Begin at the line below that has "The specialist portfolio is". Stop after the line that has "This is a 2011", repeating each line exactly and leaving out the pictures.

**DATASET ENTRIES**
----

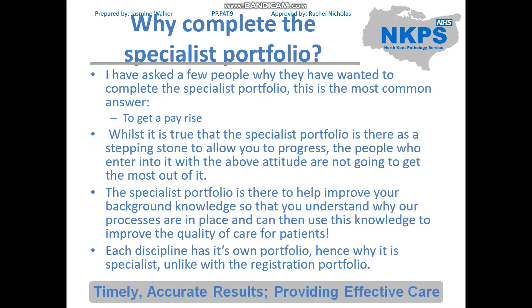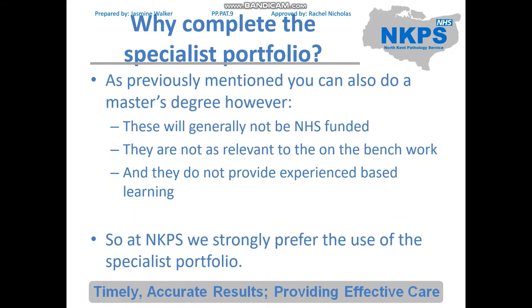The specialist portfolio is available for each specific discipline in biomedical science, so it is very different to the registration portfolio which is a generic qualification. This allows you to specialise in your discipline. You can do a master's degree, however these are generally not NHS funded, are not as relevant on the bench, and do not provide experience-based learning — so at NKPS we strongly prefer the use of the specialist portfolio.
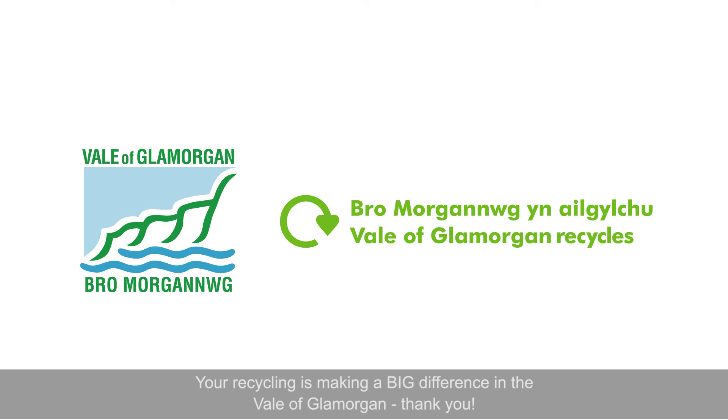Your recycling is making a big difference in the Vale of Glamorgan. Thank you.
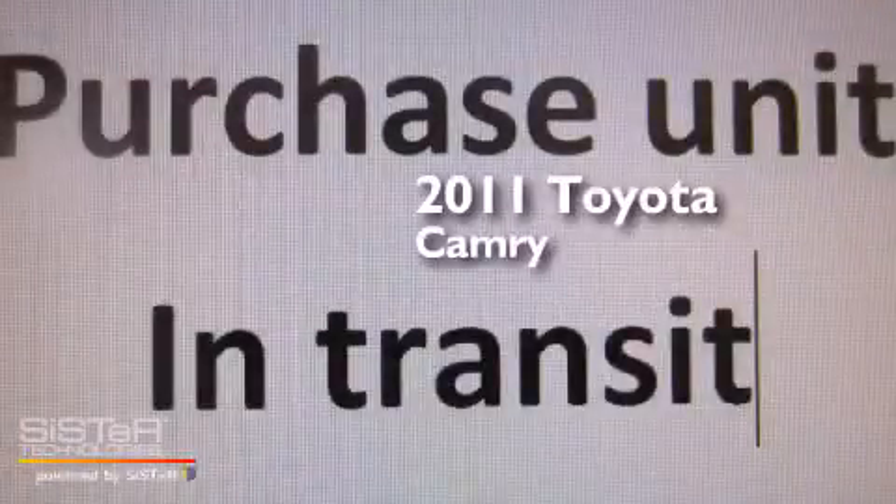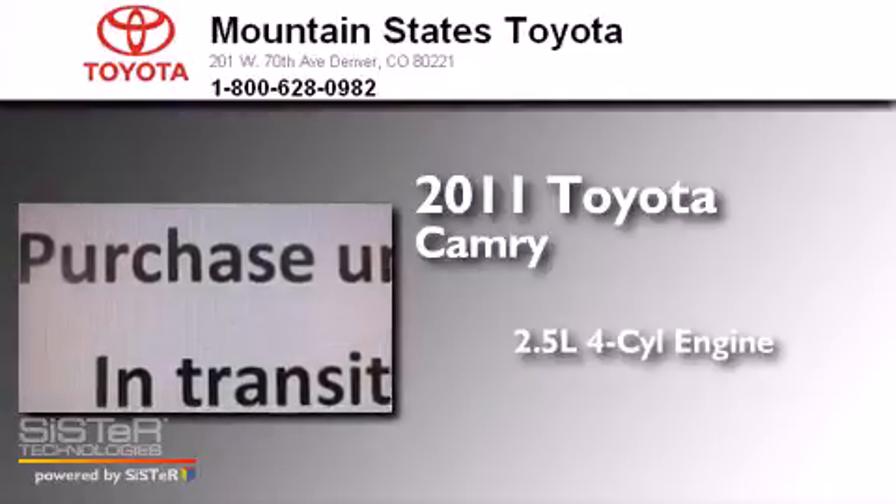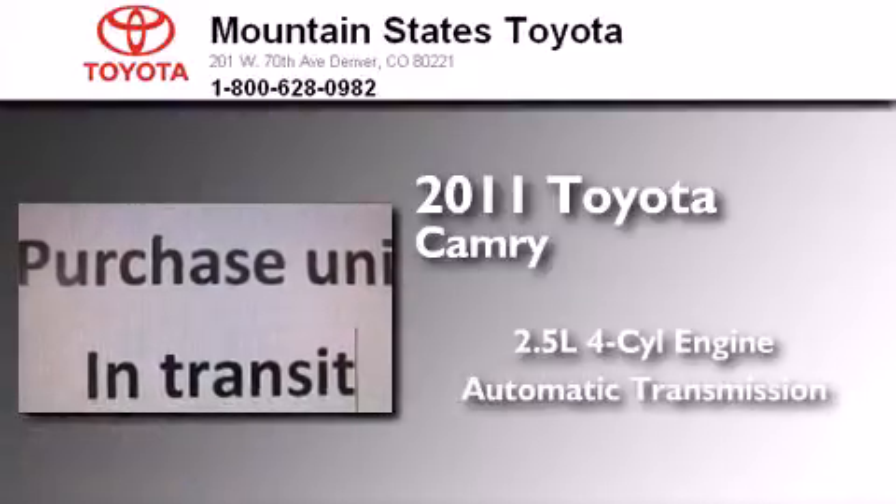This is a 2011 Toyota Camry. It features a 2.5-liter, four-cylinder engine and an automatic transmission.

----

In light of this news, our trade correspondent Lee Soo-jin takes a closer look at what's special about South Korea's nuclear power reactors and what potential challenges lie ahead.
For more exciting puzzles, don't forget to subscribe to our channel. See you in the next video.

----

**EXERCISE RESPONSE**
The specialist portfolio is available for each specific discipline in biomedical science, so it is very different to the registration portfolio which is a generic qualification. This allows you to specialise in your discipline. You can do a master's degree, however these are generally not NHS funded, are not as relevant on the bench, and do not provide experience-based learning — so at NKPS we strongly prefer the use of the specialist portfolio.
Your recycling is making a big difference in the Vale of Glamorgan. Thank you.
This is a 2011 Toyota Camry. It features a 2.5-liter, four-cylinder engine and an automatic transmission.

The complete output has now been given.